- _Task to carry out_
Transcribe only the part of the material below that begins at the line containing "LANIERES-TOUR DE COU" and ends at the line containing "20 Sailors Way Vinalhaven ME 04863", with both kept and images left out.

- _Provided entries_
····················

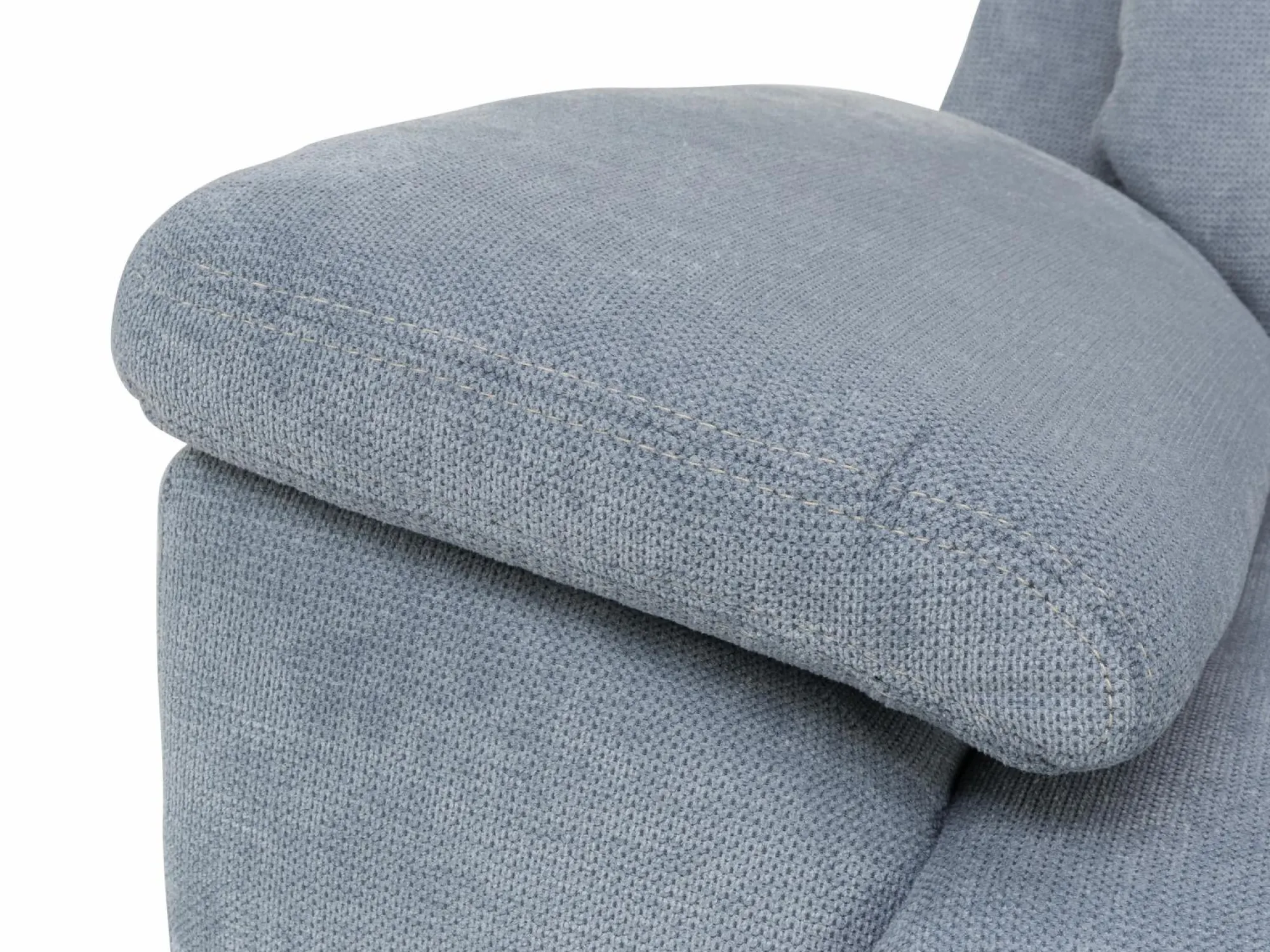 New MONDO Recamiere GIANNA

····················

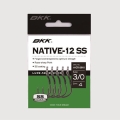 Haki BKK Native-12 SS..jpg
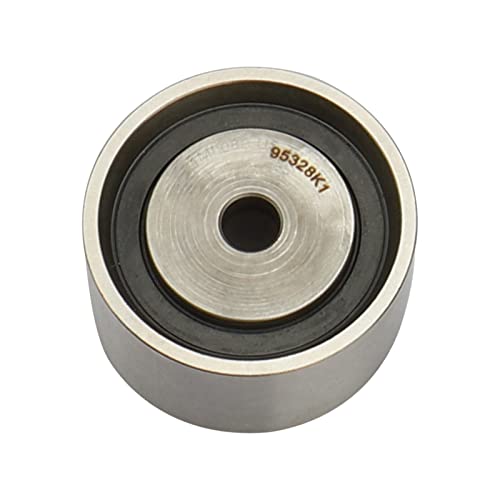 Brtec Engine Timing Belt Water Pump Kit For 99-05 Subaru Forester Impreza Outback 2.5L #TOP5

····················

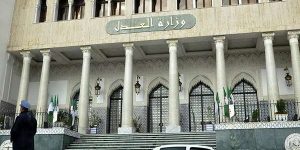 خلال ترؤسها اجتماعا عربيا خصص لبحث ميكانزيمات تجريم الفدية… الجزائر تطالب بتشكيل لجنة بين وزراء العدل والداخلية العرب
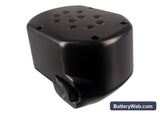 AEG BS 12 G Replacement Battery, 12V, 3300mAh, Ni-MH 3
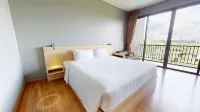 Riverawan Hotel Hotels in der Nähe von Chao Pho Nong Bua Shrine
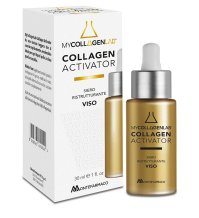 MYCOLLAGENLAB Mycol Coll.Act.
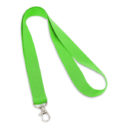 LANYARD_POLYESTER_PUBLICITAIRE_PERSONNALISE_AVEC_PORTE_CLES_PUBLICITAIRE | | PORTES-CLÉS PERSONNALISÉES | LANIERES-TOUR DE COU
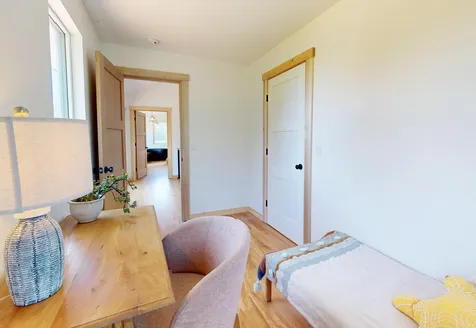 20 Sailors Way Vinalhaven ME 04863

····················

- _Task output_
 LANYARD_POLYESTER_PUBLICITAIRE_PERSONNALISE_AVEC_PORTE_CLES_PUBLICITAIRE | | PORTES-CLÉS PERSONNALISÉES | LANIERES-TOUR DE COU
 20 Sailors Way Vinalhaven ME 04863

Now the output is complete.